■ Exercise instructions
In the entries that follow, the lines from the line containing "Etagenwohnung Heidelberg Altstadt" up to and including the line containing "Affittacamere Casa Mac" must be copied exactly, with pictures omitted.

___ Study material

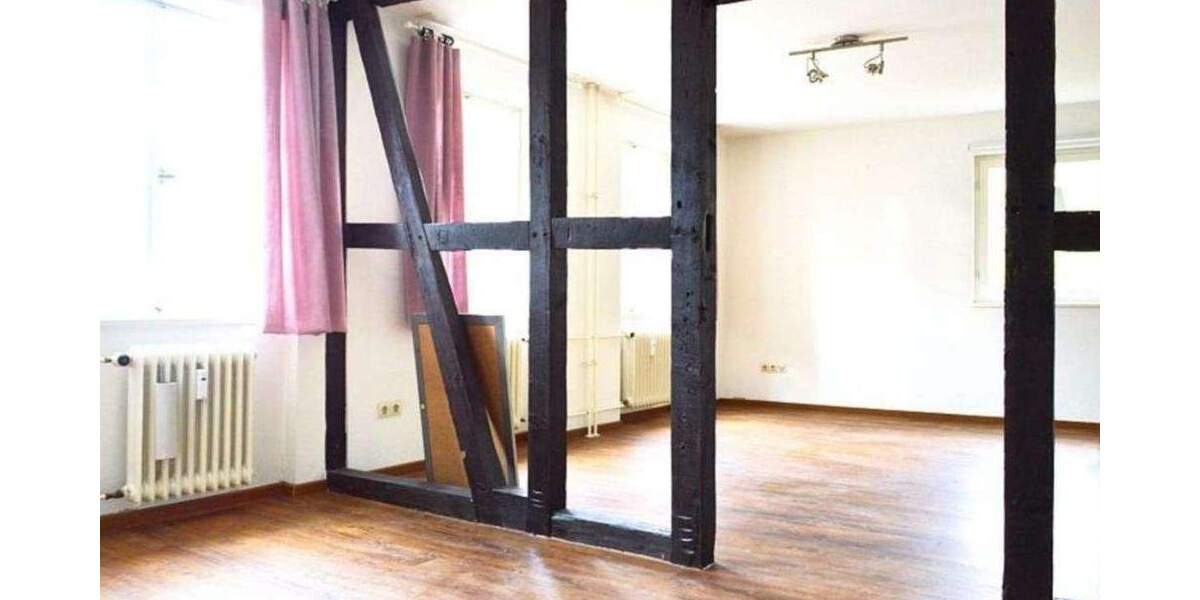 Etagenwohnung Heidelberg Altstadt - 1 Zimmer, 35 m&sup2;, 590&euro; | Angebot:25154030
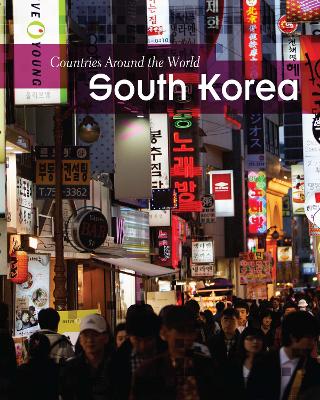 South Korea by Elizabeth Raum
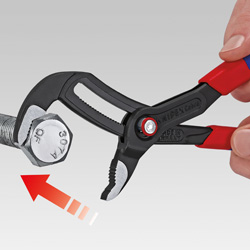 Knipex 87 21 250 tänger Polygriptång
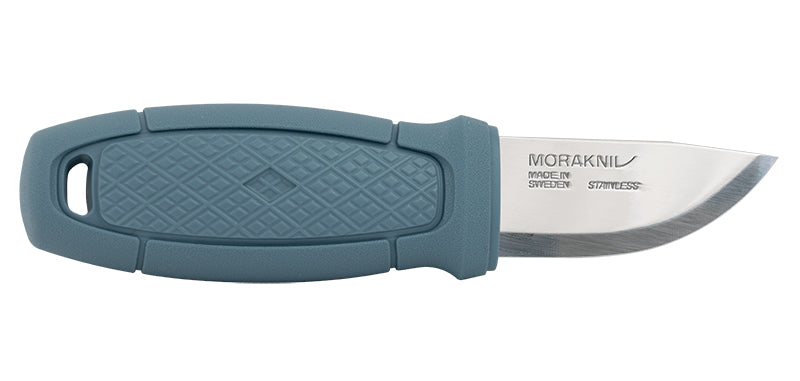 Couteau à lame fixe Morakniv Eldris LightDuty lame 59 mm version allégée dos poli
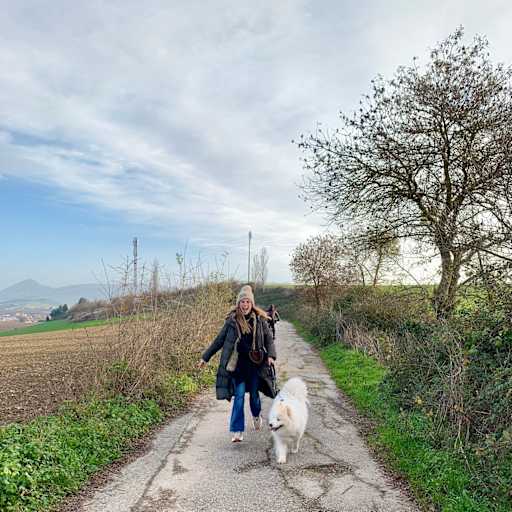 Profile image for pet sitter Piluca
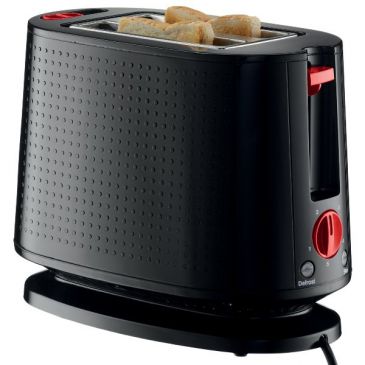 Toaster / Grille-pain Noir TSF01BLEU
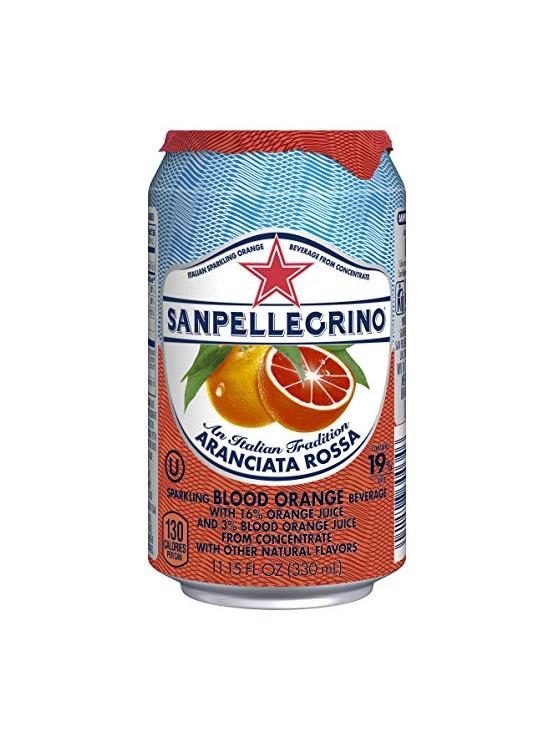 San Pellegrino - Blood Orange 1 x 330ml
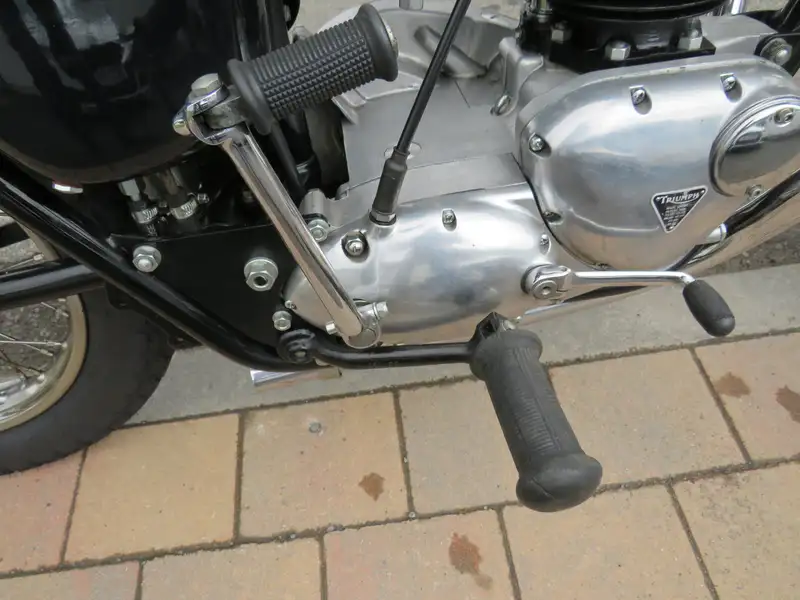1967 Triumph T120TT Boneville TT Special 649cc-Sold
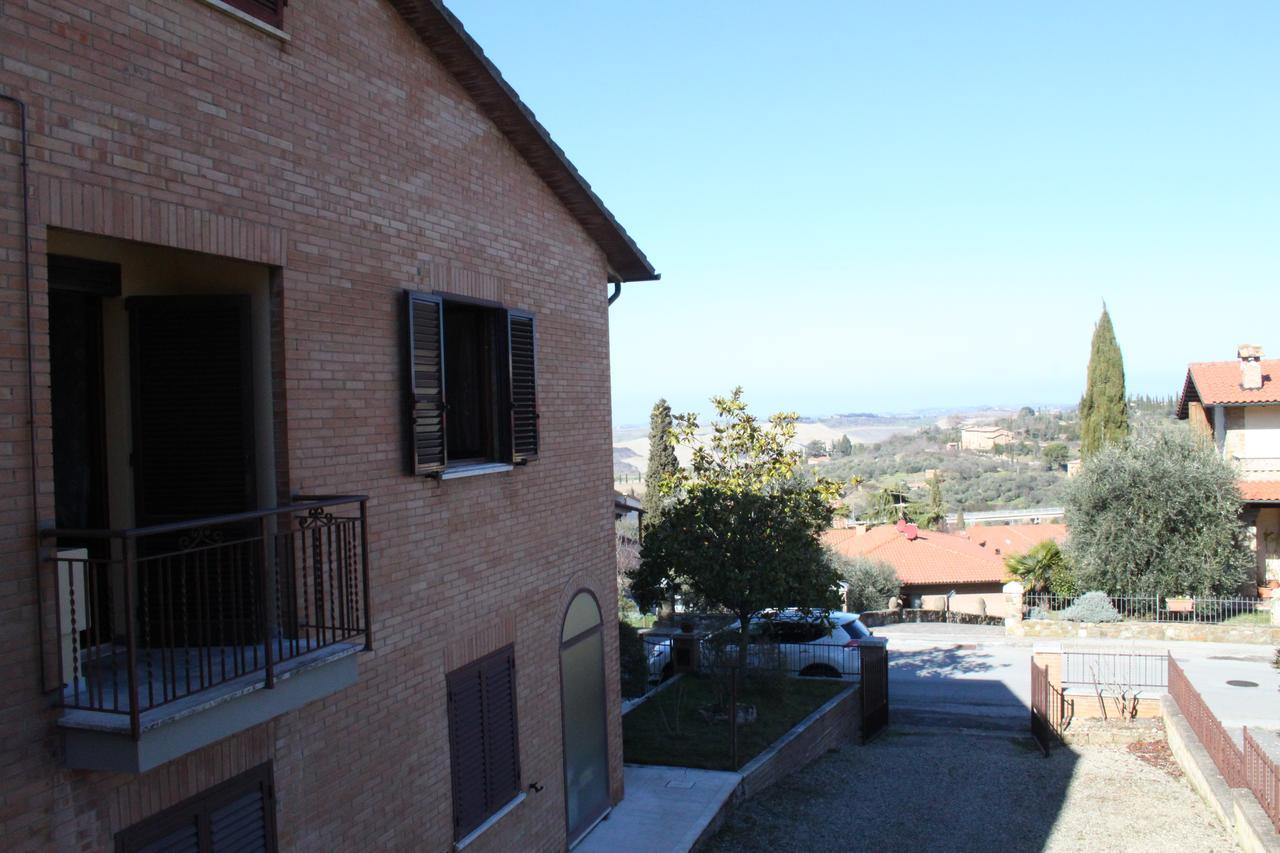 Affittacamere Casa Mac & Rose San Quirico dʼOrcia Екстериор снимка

______
___ Study material

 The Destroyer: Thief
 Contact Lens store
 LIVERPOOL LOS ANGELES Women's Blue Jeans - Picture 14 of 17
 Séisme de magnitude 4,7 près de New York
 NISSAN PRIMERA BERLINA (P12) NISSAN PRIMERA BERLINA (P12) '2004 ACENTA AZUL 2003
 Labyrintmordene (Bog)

______

■ Output
 Etagenwohnung Heidelberg Altstadt - 1 Zimmer, 35 m&sup2;, 590&euro; | Angebot:25154030
 South Korea by Elizabeth Raum
 Knipex 87 21 250 tänger Polygriptång
 Couteau à lame fixe Morakniv Eldris LightDuty lame 59 mm version allégée dos poli
 Profile image for pet sitter Piluca
 Toaster / Grille-pain Noir TSF01BLEU
 San Pellegrino - Blood Orange 1 x 330ml
1967 Triumph T120TT Boneville TT Special 649cc-Sold
 Affittacamere Casa Mac & Rose San Quirico dʼOrcia Екстериор снимка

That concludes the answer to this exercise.